§ Mr. GINNELL
asked the Parliamentary Secretary to the Ministry of Food, in view of the facts that Messrs. William Whiteley and other large traders quote exactly the same price for Irish-cured as for English-cured bacon, and that such firms as Kearley and Tonge quote smoked Irish bacon at a margin of 19s. per cwt. above the price paid for green Irish sides, thus repriving the consumer of any advantage resulting from the forcible reduction of the price of Irish bacon, and giving all such advantage to such firms and to the members of the Home and Foreign Produce Exchange, will he explain the reason why, in the sole interest of those firms and members and with no advantage to consumers. Irish bacon-curers, farmers, and 928W cottagers are compelled to sell their property at a lower price than English property of the same class?
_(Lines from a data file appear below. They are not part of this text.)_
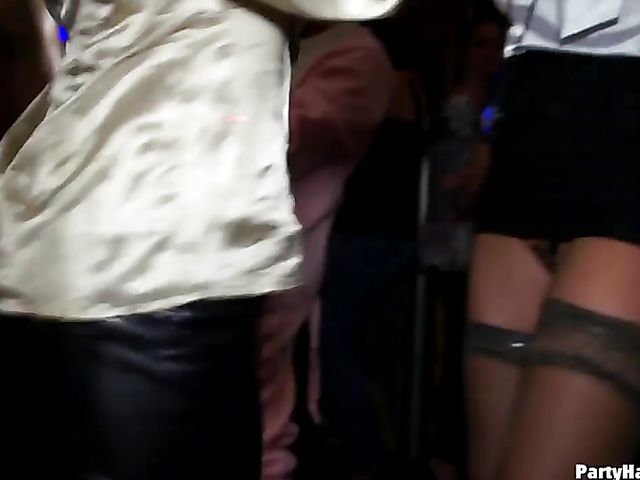 Party orgy with blind drunk sluts in the club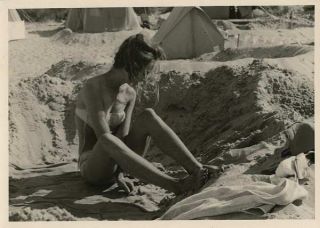 Vintage Photo Young Woman Wearing Bikini Swimsuit At Beach Looking Away 1960s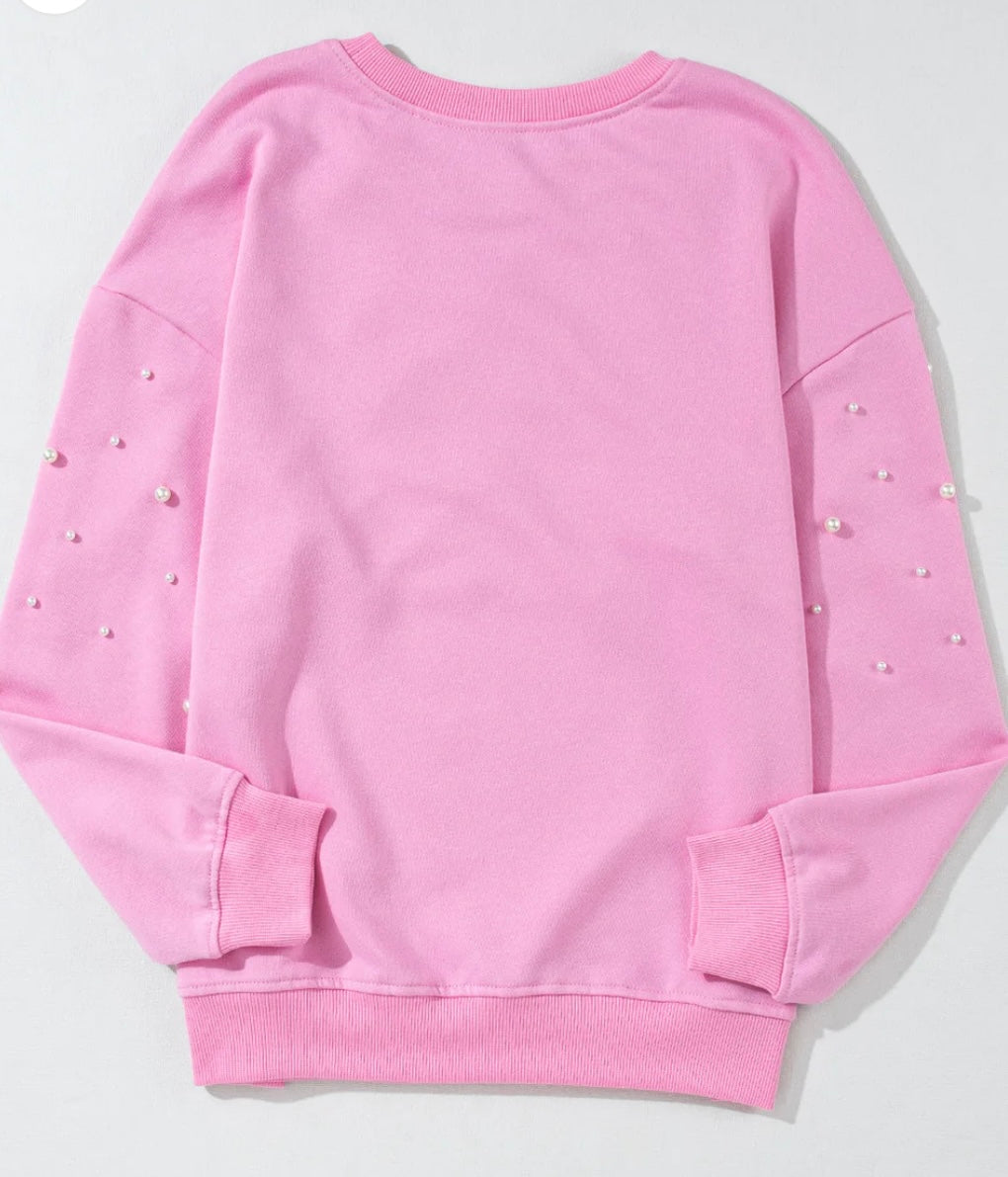 Pearl Embossed Pink Sweater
In normal times the price of Irish green bacon was invariably quoted lower than English. Prices of both Irish and English bacon at the beginning of the year were inflated, and were both proportionately reduced. The current prices were fixed after careful inquiry from representatives of all the parties concerned. They were not fixed in the interests of particular firms. These prices will come periodically under revision.
§ Mr. GINNELL
asked the Financial Secretary to the War Office if he is aware that the firms of Messrs. Denny, Government brokers for the purchase of Army supplies, and Messrs. Denny, bacon curers, are composed of the same persons, and thus able to give preferential treatment to themselves; if he will state the rate and weekly amount of the commission paid to them as Government agents; whether this commission enabled them, without loss to themselves as bacon curers, to inflict loss on their competitors by agreeing to the reduction of the price of Irish bacon to 140s., while no competitor could, without loss, take less than 145s. per cwt.; and, seeing that the forced reduction in the price of Irish bacon, effected at the expense of bacon curers and pig raisers and by the expenditure of public money, does not reach consumers, but is absorbed by Messrs. Denny as buyers and Messrs. Kearley and Tonge as traders, whether the reduction made, in effect, for the benefit of those and similar firms will be withdrawn forthwith and Irish producers be paid for their produce on the scale on which consumers are charged for it?
§ Mr. FORSTER
As regards the first part of the question, Messrs. E. M. Denny and Company, of London, are the agents employed by the War Office for the supply of bacon to the Army. This firm is distinct from the firm of Henry Denny and Sons. Limited, bacon curers, of Cork, though the partners of the first firm have an interest in the second. It is the rule that the agents shall not buy from Messrs. H. Denny and Sons, except in so far as the quantities required for the Army are not obtainable from other sources and the amount thus bought does not exceed 2½ per cent. of the total purchases. As 929W regards the second part of the question, the rate of commission is three-quarters of 1 per cent., with an annual maximum of £25,000, which includes the firm's expenses. In the year 1915–1916 this worked out at two-fifths of 1 per cent. on the total value of the purchases made. The arrangement with Messrs. E. M. Denny and Company has been considered on three occasions by the Advisory Committee on Army Contracts, and it has on each occasion been confirmed as the best practicable method of securing the supplies required. I am not sure that I follow the argument in the third part of the question, but it follows from the above figures that the commission on bacon at 140s. per cwt. would amount only to about 7d. per cwt. and would not compensate for a reduction in price of 5s. per cwt. The fourth part of the question does not, therefore, appear to arise.
§ Mr. KENNEDY
asked the Parliamentary Secretary to the Ministry of Food whether Messrs. Kearley and Tonge quote Irish leanest sides; if so, what was the quotation for the same in mid-March; and is this bacon in competition with Canadian leanest sides?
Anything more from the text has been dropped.